Als de stelling van de plantenonderzoekers ook voor de
bodem op zou gaan, zou in de proefopstelling met veel soorten
bodemdieren het meeste bladmateriaal worden verteerd. Maar dat was het
niet het geval. Combinaties met een klein aantal diersoorten lieten
meer afbraak van bladstrooisel zien dan bodemmonsters met veel
soorten. Betekent dit nu dat het verlies van soorten niet negatief is
voor het functioneren van dit ecosysteem? Het ligt ingewikkelder. In
bodemmonsters met maar één soort stelden de onderzoekers vast dat de
individuele bijdrage van een soort aan bodemprocessen sterk kan
verschillen. Vervolgens bleek dat in bodemmonsters met meer soorten de
totale afbraak van strooisel níet simpelweg een optelsom was van de
effecten van individuele soorten.

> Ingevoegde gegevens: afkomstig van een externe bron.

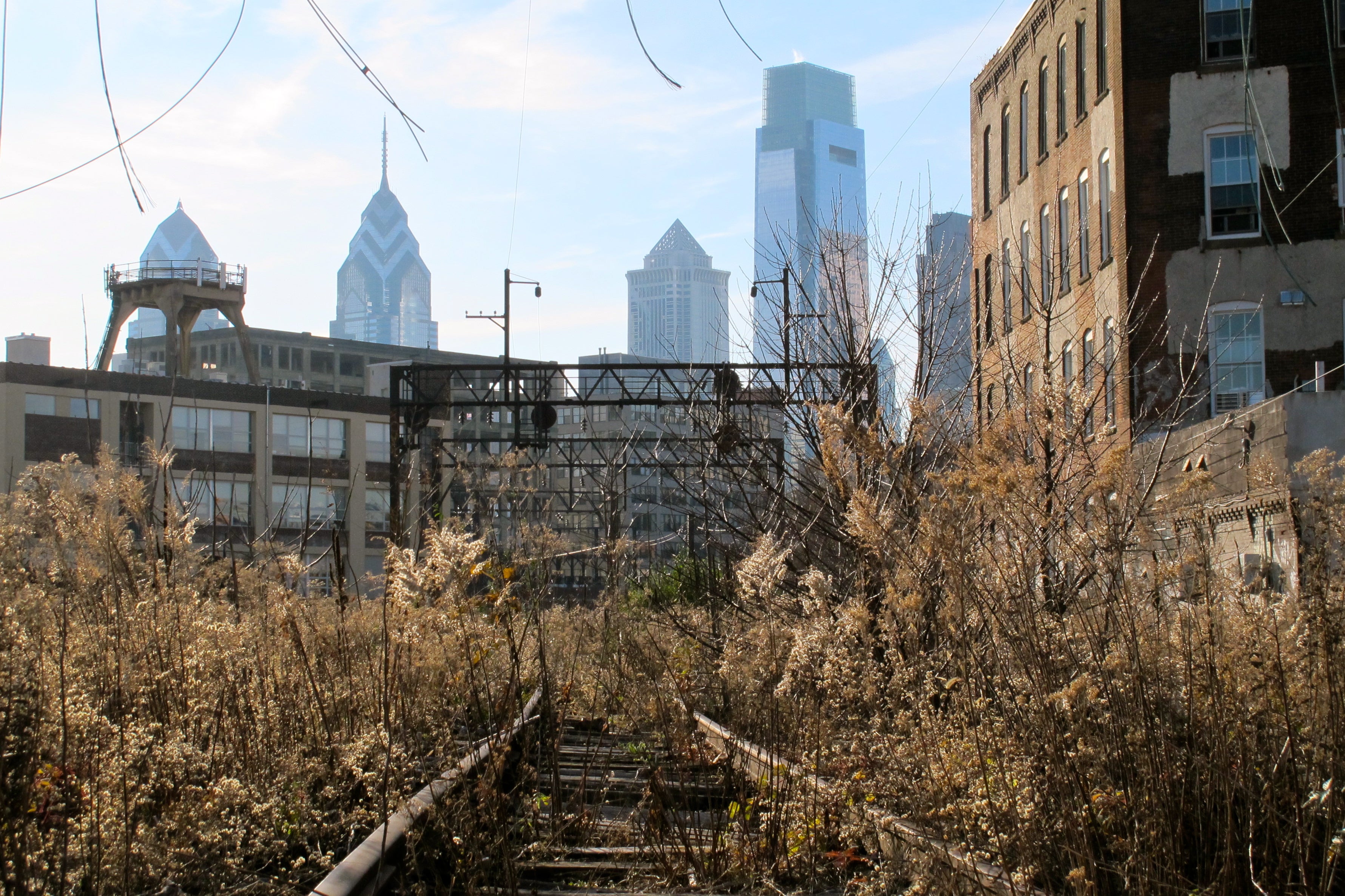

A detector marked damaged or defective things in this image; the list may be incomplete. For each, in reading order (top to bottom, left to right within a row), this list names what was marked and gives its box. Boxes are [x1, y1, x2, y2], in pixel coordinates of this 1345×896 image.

rusty rail [312, 686, 543, 893]
rusty rail [694, 716, 1049, 893]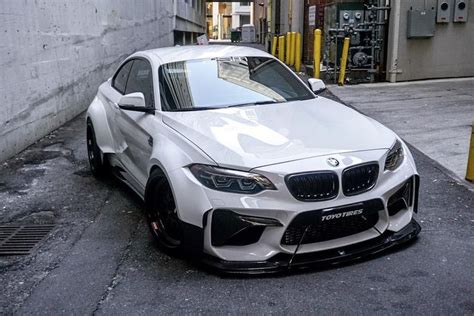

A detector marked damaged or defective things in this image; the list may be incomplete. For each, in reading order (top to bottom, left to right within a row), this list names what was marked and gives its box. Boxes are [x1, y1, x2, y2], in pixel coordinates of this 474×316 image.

cracked asphalt [0, 93, 472, 314]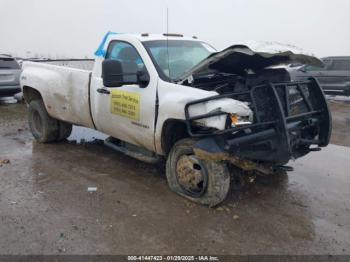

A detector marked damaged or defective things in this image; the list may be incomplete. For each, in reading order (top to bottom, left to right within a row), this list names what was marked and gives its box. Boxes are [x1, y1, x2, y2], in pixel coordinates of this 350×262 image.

crumpled hood [179, 44, 324, 81]
damaged front end [180, 44, 330, 169]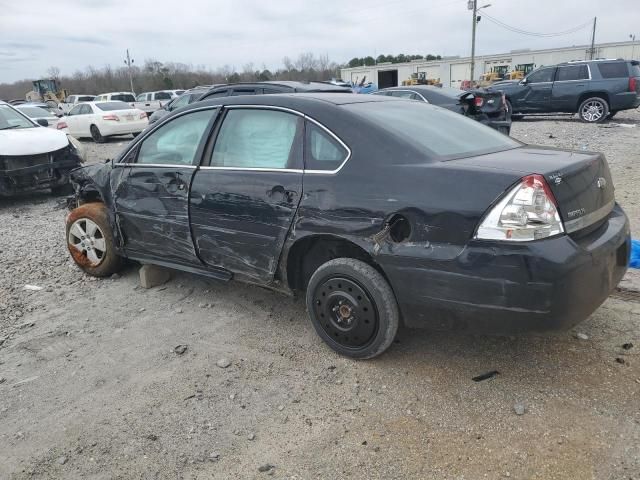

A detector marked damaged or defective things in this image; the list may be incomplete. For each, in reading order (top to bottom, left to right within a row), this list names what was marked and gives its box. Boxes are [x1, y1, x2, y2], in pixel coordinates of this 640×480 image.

damaged black sedan [66, 94, 632, 358]
broken tail light [472, 174, 564, 242]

Sommige combinaties van soorten
waren productiever, andere juist minder productief dan je op basis van
hun individuele prestaties zou verwachten.
De onderzoekers konden aan de hand van zogeheten
functionele eigenschappen van de gebruikte soorten voorspellen welke
combinaties van soorten elkaar positief beïnvloeden en welke niet.
Voorbeelden van functionele eigenschappen zijn hoeveel bladmassa een
dier per dag verteert en in welke mate hij dit bladmateriaal
verkleint. Als de ene soort het bladmateriaal precies op maat maakt
voor een andere soort, verhoogt dat de productiviteit. Een groot
verschil in functionele eigenschappen tussen soorten betekent dat ze
elkaar niet in de weg zitten, zo blijkt, maar juist elkaar versterken.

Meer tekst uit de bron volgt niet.